Objective.— To investigate the effect of low-intensity anticoagulation with warfarin on chronic cluster headache refractory to pharmacological management.
Background.— Isolated case reports on induction of remission in patients with intractable chronic cluster headache upon institution of oral anticoagulant therapy do exist. Nonetheless, evidence from randomized controlled trials on the role of oral anticoagulants in cluster headache is lacking.
Methods.— Thirty-four patients with refractory chronic cluster headache were randomized to receive warfarin or placebo for 12 weeks. Warfarin was administered to achieve an international normalized ratio between 1.5 and 1.9. After a washout period of 2 weeks, patients were crossed over from 1 treatment to the other. Status of cluster headache was assessed during both treatment periods. The primary outcome measure was the occurrence of remission lasting ≥4 weeks.

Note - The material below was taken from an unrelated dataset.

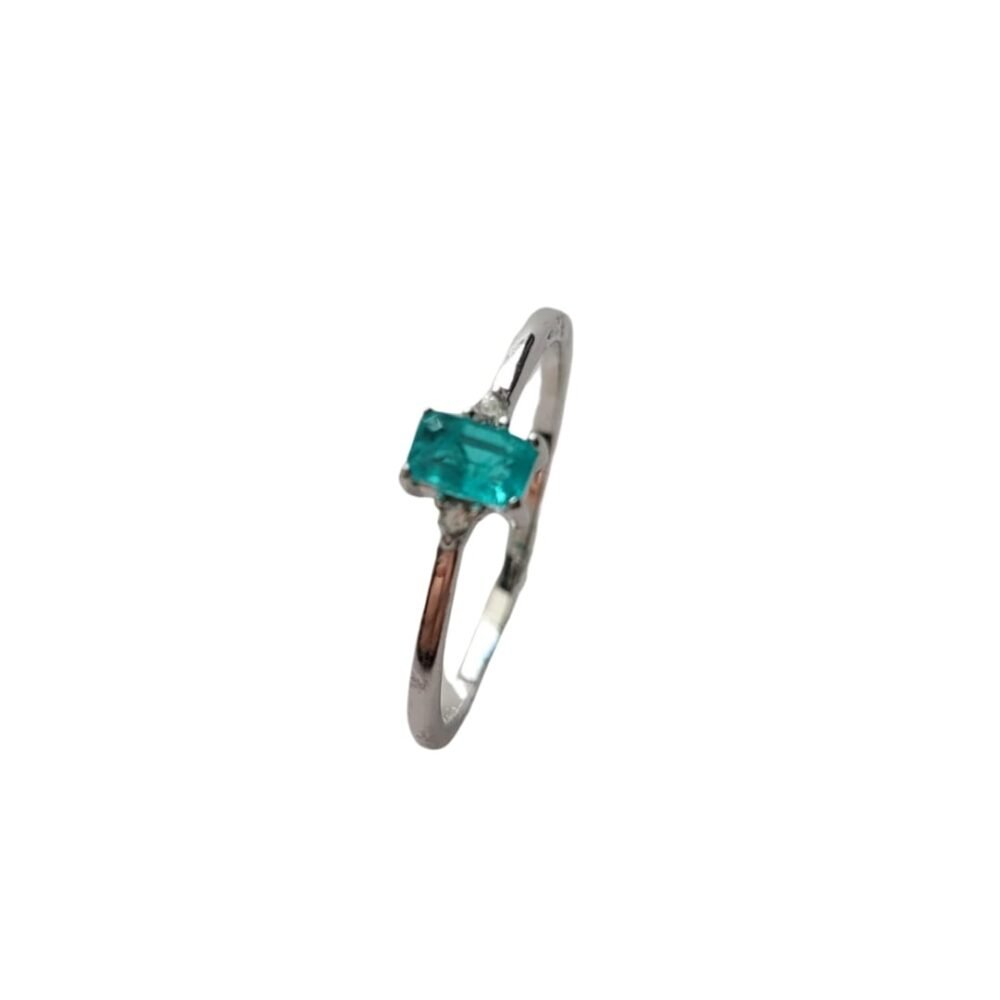 Anel em Prata 925 com cristal retangular perpendicular turmalina paraíba fusion e dois cristais incolores - Imagem 2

Results.— Seventeen (50%) patients underwent remission for ≥4 weeks during the warfarin period vs 4 (11.8%) patients during the placebo period (P = .004). This was associated with absolute risk reduction of 0.38 (95% CI = 0.18-0.58), and number needed to treat of 2.6 (95% CI = 1.7-5.5). The Kaplan–Meier curves for occurrence of remission had a hazard ratio of 5.26 (95% CI = 2.13-13.03, P = .0003). Frequency, duration, and intensity of cluster attacks were all significantly lower during treatment with warfarin (P < .01).
Conclusion.— In patients with refractory chronic cluster headache, low-intensity anticoagulation with warfarin was associated with significantly higher incidence of remission and less impact of headache on patients' lives compared with placebo.